Did you benchmark Go vs C/C++ for parallel image processing ? I'm curious to see if there is actually a cost into switching to a higher lever language like Go.
I haven't done any formal benchmarks yet. At the moment the library is not fully optimized, just the low hanging fruit (optimization/bugfixing is the next stage).
But I will definitely post some benchmarking results soon, as they are crucial for the optimization stage.
By the way, any suggestions/contributions to the project are more than welcome!
All of the blur/ functions could see big improvements with some simple changes:
* Use separable kernels whenever possible (this reduces a O(K^2) evaluation to 2K evaluations)
Some filters (like your box filter) can be done efficiently as a linear combination of IID filters (i.e. implicitly computing a pair of running sums, subtracting one from the other as you go).

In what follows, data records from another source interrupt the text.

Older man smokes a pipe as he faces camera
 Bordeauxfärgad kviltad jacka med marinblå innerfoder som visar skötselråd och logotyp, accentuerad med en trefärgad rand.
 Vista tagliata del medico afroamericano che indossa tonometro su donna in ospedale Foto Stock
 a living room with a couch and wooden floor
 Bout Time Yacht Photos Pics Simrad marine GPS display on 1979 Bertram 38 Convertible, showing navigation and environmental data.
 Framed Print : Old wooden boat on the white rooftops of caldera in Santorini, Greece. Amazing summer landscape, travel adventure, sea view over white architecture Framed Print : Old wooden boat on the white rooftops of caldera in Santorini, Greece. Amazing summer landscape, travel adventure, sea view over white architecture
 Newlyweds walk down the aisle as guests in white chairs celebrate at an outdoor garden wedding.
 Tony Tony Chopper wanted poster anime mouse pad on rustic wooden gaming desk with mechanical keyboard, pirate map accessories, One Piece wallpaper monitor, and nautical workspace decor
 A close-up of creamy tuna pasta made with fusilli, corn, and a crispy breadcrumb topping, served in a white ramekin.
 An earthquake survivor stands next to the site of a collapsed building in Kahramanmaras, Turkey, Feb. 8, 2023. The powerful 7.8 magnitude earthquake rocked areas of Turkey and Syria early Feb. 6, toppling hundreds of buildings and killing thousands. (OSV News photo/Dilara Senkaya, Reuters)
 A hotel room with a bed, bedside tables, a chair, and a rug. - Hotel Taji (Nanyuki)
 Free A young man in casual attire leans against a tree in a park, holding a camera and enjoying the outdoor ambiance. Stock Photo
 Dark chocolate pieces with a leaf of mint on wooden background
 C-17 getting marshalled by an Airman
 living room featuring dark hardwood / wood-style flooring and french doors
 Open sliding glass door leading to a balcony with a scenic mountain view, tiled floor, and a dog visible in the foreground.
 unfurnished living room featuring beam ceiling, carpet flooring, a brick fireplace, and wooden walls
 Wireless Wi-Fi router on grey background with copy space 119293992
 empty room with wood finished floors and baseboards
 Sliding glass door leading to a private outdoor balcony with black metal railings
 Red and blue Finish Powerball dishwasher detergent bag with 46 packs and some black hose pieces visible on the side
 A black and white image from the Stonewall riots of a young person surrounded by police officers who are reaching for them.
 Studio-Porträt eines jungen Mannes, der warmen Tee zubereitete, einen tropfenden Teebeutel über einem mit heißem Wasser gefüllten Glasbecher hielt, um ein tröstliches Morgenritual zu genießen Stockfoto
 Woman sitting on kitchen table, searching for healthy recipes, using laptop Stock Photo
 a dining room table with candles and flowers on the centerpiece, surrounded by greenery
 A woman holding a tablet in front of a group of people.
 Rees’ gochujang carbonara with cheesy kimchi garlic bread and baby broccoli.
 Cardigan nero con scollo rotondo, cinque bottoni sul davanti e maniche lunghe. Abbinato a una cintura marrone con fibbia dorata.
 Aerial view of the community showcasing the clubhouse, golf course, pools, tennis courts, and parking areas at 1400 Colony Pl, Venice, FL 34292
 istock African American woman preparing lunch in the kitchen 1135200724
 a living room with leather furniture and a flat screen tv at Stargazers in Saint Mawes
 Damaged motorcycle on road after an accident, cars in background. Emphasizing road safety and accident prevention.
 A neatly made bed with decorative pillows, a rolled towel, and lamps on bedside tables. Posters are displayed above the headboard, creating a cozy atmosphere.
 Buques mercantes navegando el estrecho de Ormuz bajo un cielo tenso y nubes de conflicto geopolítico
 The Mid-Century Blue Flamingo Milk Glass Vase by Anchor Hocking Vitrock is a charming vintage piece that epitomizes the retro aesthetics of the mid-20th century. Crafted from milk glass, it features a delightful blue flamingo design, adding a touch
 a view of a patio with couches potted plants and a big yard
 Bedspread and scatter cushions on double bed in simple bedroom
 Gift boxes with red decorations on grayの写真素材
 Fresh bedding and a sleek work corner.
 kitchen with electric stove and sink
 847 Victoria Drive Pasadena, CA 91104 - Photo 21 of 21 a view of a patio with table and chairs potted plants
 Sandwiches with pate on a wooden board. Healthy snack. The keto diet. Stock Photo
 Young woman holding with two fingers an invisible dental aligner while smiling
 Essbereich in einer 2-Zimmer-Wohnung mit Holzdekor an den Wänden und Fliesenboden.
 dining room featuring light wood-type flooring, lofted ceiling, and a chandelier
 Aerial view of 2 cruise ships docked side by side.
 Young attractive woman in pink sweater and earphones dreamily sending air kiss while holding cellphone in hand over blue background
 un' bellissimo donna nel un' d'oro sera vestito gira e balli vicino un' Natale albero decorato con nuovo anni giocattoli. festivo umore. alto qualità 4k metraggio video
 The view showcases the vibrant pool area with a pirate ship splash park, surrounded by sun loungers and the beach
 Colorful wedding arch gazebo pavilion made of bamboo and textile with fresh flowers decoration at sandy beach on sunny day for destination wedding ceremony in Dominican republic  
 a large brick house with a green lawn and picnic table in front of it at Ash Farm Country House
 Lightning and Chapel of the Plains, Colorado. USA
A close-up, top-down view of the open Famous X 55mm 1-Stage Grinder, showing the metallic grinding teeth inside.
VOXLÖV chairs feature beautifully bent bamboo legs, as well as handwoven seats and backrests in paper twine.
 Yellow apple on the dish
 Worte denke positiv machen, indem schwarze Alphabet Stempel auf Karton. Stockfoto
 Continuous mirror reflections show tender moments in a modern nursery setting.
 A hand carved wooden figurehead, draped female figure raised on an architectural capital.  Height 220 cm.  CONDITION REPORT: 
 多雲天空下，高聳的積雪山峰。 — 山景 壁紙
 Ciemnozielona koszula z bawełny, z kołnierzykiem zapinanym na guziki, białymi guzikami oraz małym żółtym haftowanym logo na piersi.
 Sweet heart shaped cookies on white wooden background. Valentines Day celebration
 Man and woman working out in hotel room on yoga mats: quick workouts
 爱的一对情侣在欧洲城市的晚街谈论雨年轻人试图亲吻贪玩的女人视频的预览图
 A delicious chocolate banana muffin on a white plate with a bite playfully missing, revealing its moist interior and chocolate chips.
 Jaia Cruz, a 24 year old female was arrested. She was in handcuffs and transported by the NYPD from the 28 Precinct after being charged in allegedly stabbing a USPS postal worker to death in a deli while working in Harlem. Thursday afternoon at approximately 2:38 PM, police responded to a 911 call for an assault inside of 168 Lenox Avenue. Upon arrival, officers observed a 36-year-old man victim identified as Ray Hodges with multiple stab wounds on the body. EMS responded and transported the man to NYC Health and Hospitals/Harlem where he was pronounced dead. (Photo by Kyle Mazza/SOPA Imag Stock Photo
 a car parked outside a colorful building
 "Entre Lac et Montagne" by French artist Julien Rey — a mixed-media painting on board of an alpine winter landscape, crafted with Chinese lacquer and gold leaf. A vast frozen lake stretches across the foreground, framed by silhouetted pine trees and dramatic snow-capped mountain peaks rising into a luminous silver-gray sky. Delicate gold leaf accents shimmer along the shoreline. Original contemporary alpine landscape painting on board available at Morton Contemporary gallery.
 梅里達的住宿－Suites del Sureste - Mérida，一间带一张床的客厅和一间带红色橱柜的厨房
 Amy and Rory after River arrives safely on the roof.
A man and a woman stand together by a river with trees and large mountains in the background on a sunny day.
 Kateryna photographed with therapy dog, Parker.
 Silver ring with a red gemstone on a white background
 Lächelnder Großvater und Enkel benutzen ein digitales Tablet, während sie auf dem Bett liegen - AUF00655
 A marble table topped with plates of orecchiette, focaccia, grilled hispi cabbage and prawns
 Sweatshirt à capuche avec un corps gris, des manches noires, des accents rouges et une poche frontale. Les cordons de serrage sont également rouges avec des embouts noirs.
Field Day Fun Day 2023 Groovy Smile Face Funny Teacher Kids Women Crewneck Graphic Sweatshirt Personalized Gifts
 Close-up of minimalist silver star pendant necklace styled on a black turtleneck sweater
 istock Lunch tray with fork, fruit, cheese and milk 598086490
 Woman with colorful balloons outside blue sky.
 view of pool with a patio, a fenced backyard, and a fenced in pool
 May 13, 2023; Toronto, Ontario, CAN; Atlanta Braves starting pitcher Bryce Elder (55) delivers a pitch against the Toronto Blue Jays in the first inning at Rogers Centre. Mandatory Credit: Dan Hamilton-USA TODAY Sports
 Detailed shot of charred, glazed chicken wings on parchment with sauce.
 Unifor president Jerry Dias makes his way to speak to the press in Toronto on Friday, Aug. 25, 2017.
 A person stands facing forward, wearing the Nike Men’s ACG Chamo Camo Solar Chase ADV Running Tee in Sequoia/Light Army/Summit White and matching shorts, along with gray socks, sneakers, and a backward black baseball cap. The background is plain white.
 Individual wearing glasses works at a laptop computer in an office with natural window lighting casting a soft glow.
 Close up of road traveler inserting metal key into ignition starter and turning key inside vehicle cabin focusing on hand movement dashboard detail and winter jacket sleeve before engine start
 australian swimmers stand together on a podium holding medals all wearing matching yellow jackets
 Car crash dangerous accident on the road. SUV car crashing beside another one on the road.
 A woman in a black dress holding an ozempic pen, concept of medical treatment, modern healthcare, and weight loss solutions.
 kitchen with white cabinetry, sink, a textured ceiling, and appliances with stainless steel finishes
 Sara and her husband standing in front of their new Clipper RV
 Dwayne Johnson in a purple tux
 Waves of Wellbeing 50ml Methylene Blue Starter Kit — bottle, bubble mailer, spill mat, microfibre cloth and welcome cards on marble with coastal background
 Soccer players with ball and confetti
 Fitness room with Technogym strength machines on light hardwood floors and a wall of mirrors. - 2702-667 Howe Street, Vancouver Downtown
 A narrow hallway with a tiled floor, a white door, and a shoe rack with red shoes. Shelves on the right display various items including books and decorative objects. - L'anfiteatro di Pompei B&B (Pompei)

* The convolve/ package could use some cache blocking, and should definitely have the conditionals on the inner-loop removed.
Unfortunately, these changes will likely make your code a bit more difficult to read.
This is one of the reasons Halide has become so popular for image-processing (if you're interested in high performance image processing without sacrificing maintainability, Halide is definitely worth looking into!)
Thank you for the suggestions! The blur and convolution packages are definitely among the first things to be optimised, lots of other features could benefit from a much needed faster convolve function.
Halide looks very interesting, I found the "Halide Talk" video on their website to be a great primer on their methods.